Kafka namespaces are not directly supported in Apache Kafka, but there are two ways to implement namespace-like capability in Kafka. In this Kafka namespaces tutorial, we’ll cover both examples, history, options, why you might need namespaces, and much more. Let’s go.
A quick note on how this tutorial is configured.
In the beginning, I am going to set some context and brief history of Kafka namespaces, Kafka topic namespaces, and enforcing Kafka topic naming conventions.
Then, towards the end there are two examples and screencast demo, if you want to just skip to it. I’m trying something new with this demo. Some of you may just wish to jump straight to the examples. If that’s you, feel free to skip to section starting with “How To” if you’re just looking for examples.
Table of Contents
- Does Kafka support Namespaces?
- Kafka Namespaces History
- Why Kafka Namespaces?
- Kafka Namespacing in Multi-Tenant Kafka clusters
- Kafka Namespace for Tenant Monitoring and Possible Chargebacks
- How to implement Kafka Topic Namespaces?
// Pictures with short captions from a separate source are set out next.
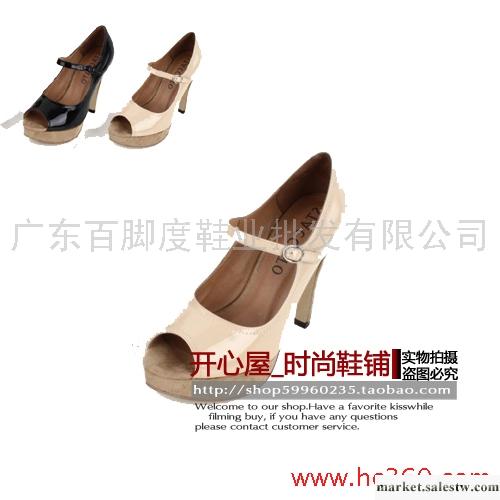 正品代購 新款思加圖涼鞋EUS42 頭層胎牛漆皮魚嘴女鞋 防水臺工廠,批發,進口,代購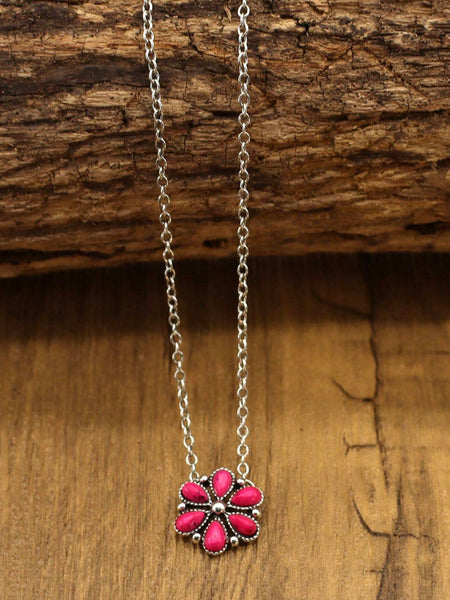 Western -  Delicate Squash Blossom Necklace & Earrings (3 Color Available)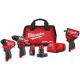 Milwaukee M12 FUEL 12-Volt Li-Ion Brushless Cordless Hammer Drill, Impact Driver Combo Kit w/2 Batteries, 1/2 in. Impact Wrench 3497-22-2563-20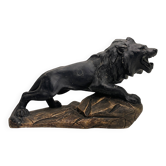 Roaring lion Art Deco signed Magioni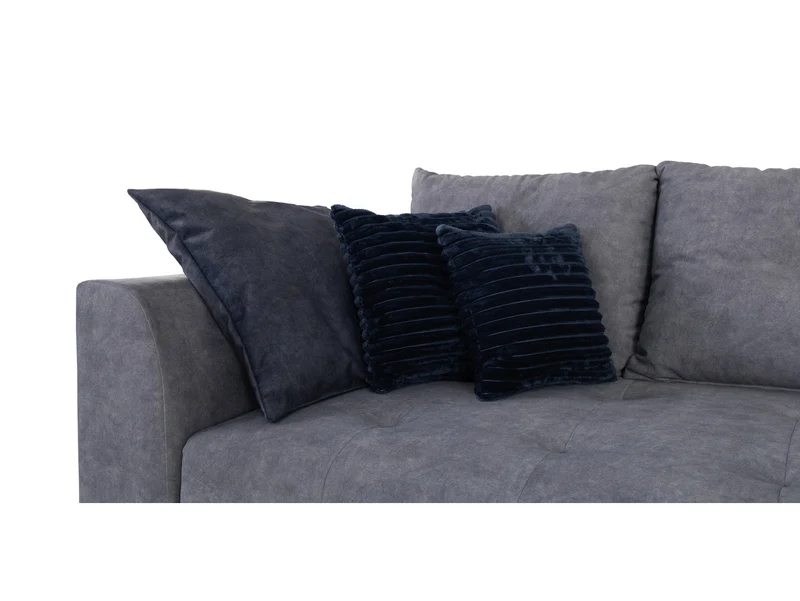 Royal IV 3-Seater Sofa Bed — DL Auto Mechanism, 158x195cm Sleeping Surface, Pet-Friendly Fabric & 6 Cushions, Zoya 11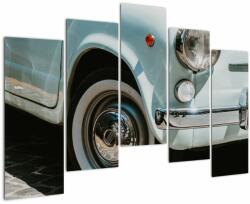 Mivali Tablou - mașina retro Fiat, din cinci bucăți 125x90 cm (V021619V12590)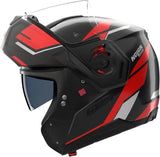 Flip-Up Travelling Motorcycle Helmet Nolan N90-3 06 Black / Red / White Sincrono 350 Size M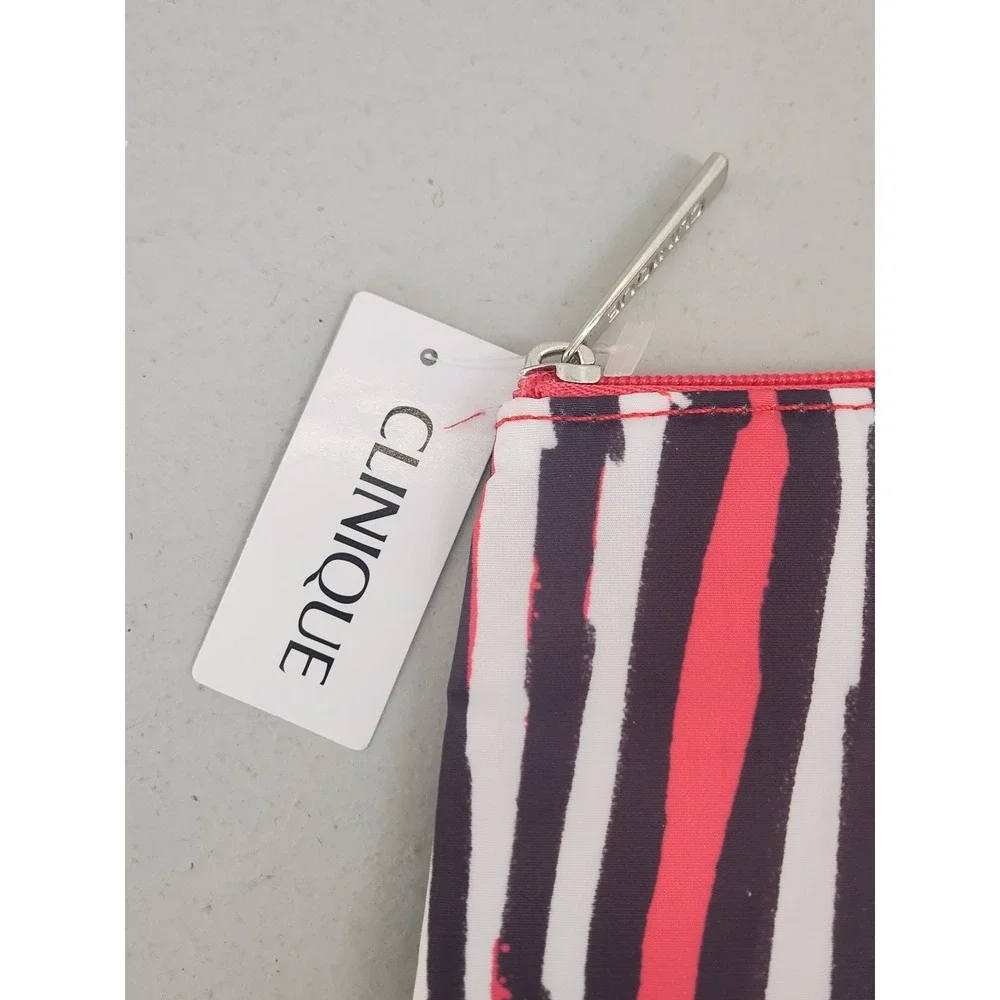 Clinique × Jonathan Cohen Makeup Bag Womens OS Pink Zebra NWT Cosmetic Pouch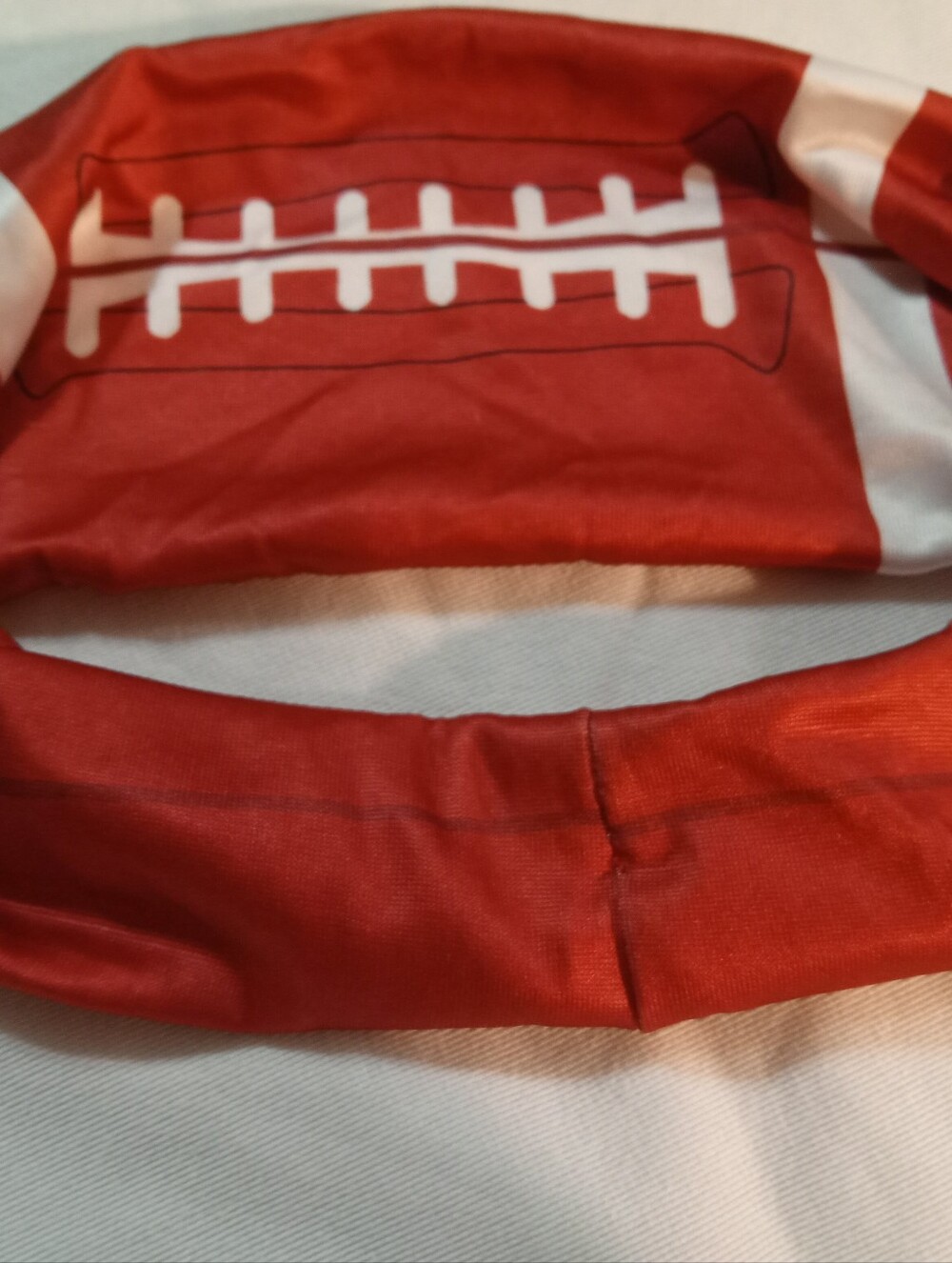 Red Football Head Band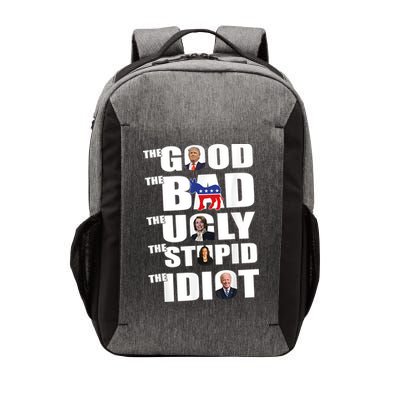 The Good The Bad The Ugly The Stupid The Idiot Politics Vector Backpack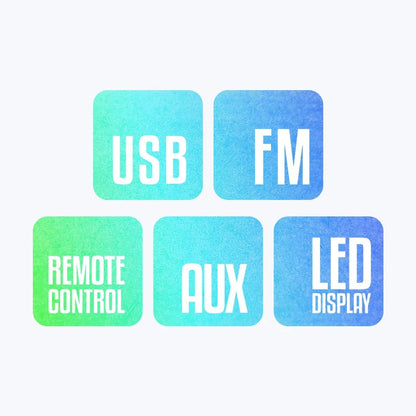 Zebronics Rainbow 4.1 Channel Multimedia Speakers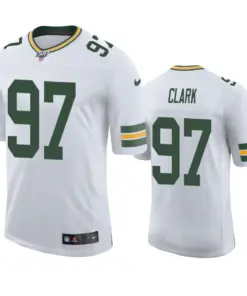 Kenny Clark Green Bay Packers Nike 100th Season Vapor Limited Jersey - White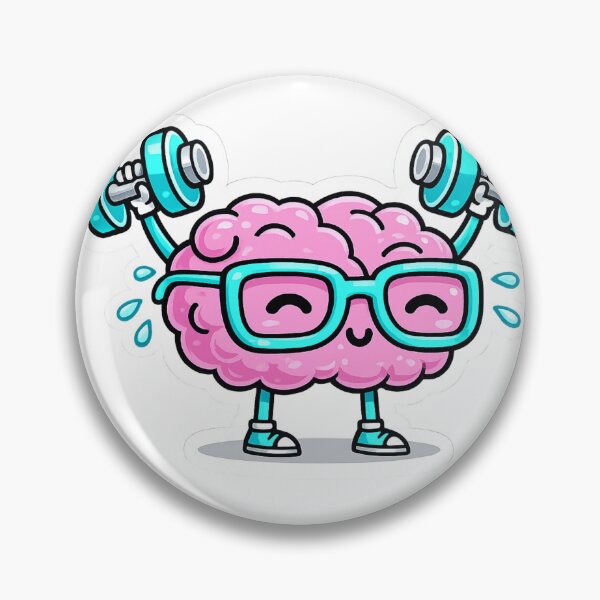 Item preview, Cute Brain Workout - Funny Mental Fitness Gym designed and sold by Digistore1221.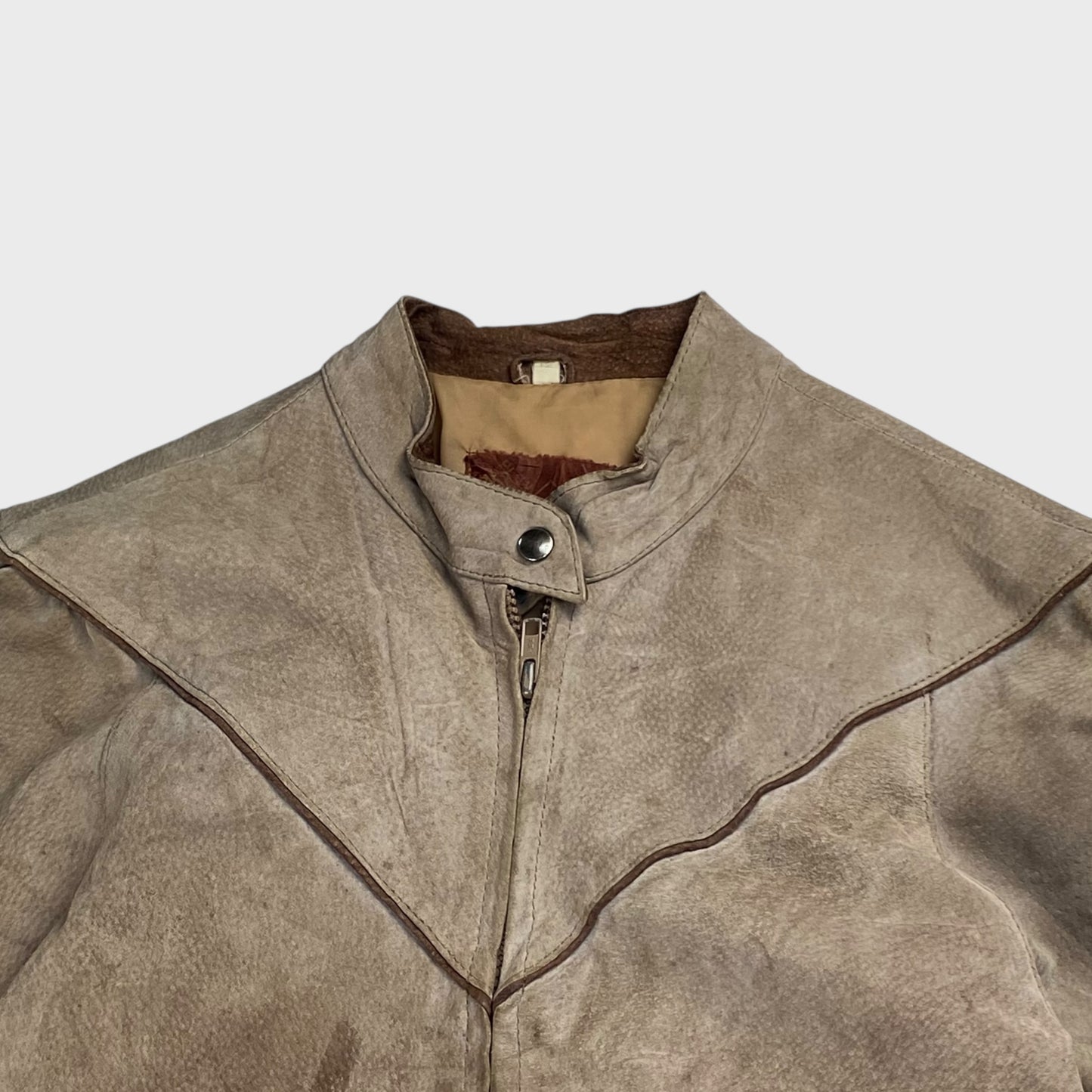 Sears 70s Leather Jacket Size S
- Kafka Namespaces Resources
Does Kafka support Namespaces?
Short answer: No. Longer answer: namespacing is not built into Apache Kafka, but it is possible to implement something which acts similar to namespaces by using, and enforcing, a standard way to name topics.
Before getting into the details, let’s briefly cover some background and context first.
In Kafka, as you already know, data is divided and organized into topics.
But did you can make a namespace for a group of topics by adding a naming prefix or a suffix?
For example, if you want to namespace all the topics related to a certain project, you can use a prefix like “cdc.sqlserver0566.inventory.” or “tracking.website.clicks” or “push.mainframe.account”, etc. for all the topics related to the particular project or line of business.
Classic article on Kafka topic naming conventions https://cnr.sh/essays/how-paint-bike-shed-kafka-topic-naming-conventions
Anyhow, the point here is you can enforce topic naming conventions or “namespaces” which are shown below.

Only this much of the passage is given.